I am still in shock over this, so it's really hard to write.
When my neighbor, Keani, told me she and her husband had several replicas of the weapons from Lord the of Rings in their living room, a life-long friendship was automatic. I drool over them, their LOTR statuettes, memorabilia, and their Frostmourne replica, every time I'm at their house.
Since that day, several years ago, we've become fast friends, sharing our love of Warcraft, white tigers, and geeky things (despite her aversion to Doctor Who, which we constantly joke about), and even starting a business together. Our kids (who are around the same ages) and dogs play together, we go grocery shopping together, we've even celebrated holidays together (I don't think I'll ever forget trying to stop our kids from chasing each other with fireworks!) They're family now.
Like my husband and I, Keani and BJ moved to Provo to attend college but also share some similar health and mental health problems, especially depression and anxiety. We've literally spent hours commiserating and trying to boost each other up and get through our worst times. BJ used his love of gaming (Heroes of the Storm, Hearthstone, World of Warcraft, and Diablo) to cope with severe depression and anxiety while working toward a bachelor's degree.
In January, Keani suffered a debilitating miscarriage. Her doctors failed to diagnose its complications and the extreme pain she was in, though her body should have been able to heal itself weeks earlier. The toll these symptoms took on her were extreme and she began to shut down. I was beside myself trying to help her but could do little more than tell her that she wasn't crazy, they'd find a diagnosis, and she would get better. She was unable to work consistently, and eventually not at all, so she was fired from her job. Because there was no diagnosis at the time, it was completely legal and she was too exhausted, both physically and mentally, to fight it. She actually blamed herself for being too weak and inconsistent when, in fact, she was extremely ill.
Finally, a new doctor took the time to listen to her and discover the real problem. Being jobless, she threw her efforts into our small business, determined to make it work to support both our families and our clients. The problem was, how do we pay the bills without "real" jobs and both our husbands in school? We kept sinking further into debt.
I was up late on Saturday night. For some reason, I just couldn't get to sleep. I was a bit confused when I saw Keani calling at 1:30 am. BJ had collapsed and the paramedics were at her house. I ran over to watch her kids while they took him to the hospital.
When I got there, they were still trying to help him into a stair-chair and get him down the 3 flights of steps of the apartment building. Keani was rushing around the house, trying to be helpful and gather things they might need to have with them.

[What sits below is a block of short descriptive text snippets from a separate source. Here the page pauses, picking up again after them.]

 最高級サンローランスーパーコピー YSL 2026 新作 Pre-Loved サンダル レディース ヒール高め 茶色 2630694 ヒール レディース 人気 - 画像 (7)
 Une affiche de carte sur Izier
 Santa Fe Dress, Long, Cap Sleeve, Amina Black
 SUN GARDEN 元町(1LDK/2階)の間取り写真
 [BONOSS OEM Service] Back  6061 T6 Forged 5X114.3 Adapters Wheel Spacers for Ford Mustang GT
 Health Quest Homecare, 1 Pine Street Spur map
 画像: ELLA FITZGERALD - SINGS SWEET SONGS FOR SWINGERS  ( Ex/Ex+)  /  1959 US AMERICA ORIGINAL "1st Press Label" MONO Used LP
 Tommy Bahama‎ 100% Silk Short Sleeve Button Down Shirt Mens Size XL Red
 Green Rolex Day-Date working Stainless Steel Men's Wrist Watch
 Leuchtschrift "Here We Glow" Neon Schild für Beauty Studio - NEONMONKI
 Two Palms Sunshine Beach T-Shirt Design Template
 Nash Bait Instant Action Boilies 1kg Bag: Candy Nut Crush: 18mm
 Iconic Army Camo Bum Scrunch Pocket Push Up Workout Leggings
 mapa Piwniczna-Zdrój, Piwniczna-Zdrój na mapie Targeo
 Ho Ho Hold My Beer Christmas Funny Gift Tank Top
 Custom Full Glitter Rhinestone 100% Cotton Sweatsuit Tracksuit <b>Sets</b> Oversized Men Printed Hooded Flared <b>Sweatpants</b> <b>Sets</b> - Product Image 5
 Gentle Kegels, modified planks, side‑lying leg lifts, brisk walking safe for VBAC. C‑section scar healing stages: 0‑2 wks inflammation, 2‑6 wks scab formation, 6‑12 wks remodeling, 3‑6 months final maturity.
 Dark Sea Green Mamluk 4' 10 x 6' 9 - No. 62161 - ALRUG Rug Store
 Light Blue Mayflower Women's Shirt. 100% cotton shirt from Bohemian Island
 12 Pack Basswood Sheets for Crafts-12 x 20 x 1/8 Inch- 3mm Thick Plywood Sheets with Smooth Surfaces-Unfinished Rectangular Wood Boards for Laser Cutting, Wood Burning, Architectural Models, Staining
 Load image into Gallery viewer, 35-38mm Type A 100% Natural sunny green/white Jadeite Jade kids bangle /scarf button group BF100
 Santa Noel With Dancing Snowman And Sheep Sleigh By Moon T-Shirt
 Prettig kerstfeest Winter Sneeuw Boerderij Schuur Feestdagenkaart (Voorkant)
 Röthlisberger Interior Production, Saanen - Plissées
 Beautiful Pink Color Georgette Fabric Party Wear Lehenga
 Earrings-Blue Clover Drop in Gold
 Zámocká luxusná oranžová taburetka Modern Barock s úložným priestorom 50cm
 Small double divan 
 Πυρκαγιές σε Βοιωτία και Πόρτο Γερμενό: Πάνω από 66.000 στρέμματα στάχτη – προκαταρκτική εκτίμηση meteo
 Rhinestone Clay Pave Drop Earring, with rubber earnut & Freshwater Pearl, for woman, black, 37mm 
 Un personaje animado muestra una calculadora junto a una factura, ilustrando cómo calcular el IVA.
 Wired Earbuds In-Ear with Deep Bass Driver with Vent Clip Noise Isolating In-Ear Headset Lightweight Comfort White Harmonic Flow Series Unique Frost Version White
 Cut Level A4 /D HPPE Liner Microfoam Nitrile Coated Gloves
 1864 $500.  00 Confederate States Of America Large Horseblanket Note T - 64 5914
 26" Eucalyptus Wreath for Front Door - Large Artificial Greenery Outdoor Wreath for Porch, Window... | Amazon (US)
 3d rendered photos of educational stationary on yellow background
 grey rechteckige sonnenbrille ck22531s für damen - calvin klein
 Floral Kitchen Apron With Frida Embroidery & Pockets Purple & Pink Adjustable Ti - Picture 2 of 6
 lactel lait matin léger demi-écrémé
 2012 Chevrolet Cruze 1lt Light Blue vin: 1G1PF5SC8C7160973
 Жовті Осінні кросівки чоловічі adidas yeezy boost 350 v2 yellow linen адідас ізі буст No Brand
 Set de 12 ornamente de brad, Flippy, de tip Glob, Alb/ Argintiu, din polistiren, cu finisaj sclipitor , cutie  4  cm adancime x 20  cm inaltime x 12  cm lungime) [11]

As the rescue team talked to BJ, he fell in and out of consciousness. With the few words he could utter, he begged them to just let him lay down and rest. I was shocked at how pale he was. When they left the house, he was completely unconscious. Miraculously, the children slept through it all.
I sat on their couch and looked around the room, my mind racing. Keani had mentioned earlier that day that he'd had some strange symptoms but I'd thought it was a flu or something (it had been going around, and I'd had it the past week). This text came within the hour:
It took me a few minutes to process it and respond. At first, I thought I must be wrong, that she meant that they'd transferred him to another hospital. He couldn't have died, he was just feeling sick! I eventually pulled it together and realized there really couldn't be another interpretation. Our friend, BJ Gifford, had just passed away from unknown causes at age 34, leaving behind his wife and three young children. **Update (We just found out today 6/6/16 that his death was caused by a pulmonary embolism.)**
A quick phone call to get someone to watch our the kids, and, before long, I was off to the hospital to be with my grieving friend, who was much too young to be a widow. I expected to find her broken and inconsolable, like most of us would be. Instead, I found a woman I will try every single day of my life to be more like. Yes, she was devastated. Every few minutes, she'd burst into tears and the nurses and I would try to comfort her as she muttered words like, "I can't believe he's gone," and "I'm a widow with three small kids." Whenever she could, she pushed the tears aside and got down to business, asking questions about burial, addressing the heartbreaking question of organ donation, etc. She also calmed herself talking about her faith that she and her family would be with BJ again.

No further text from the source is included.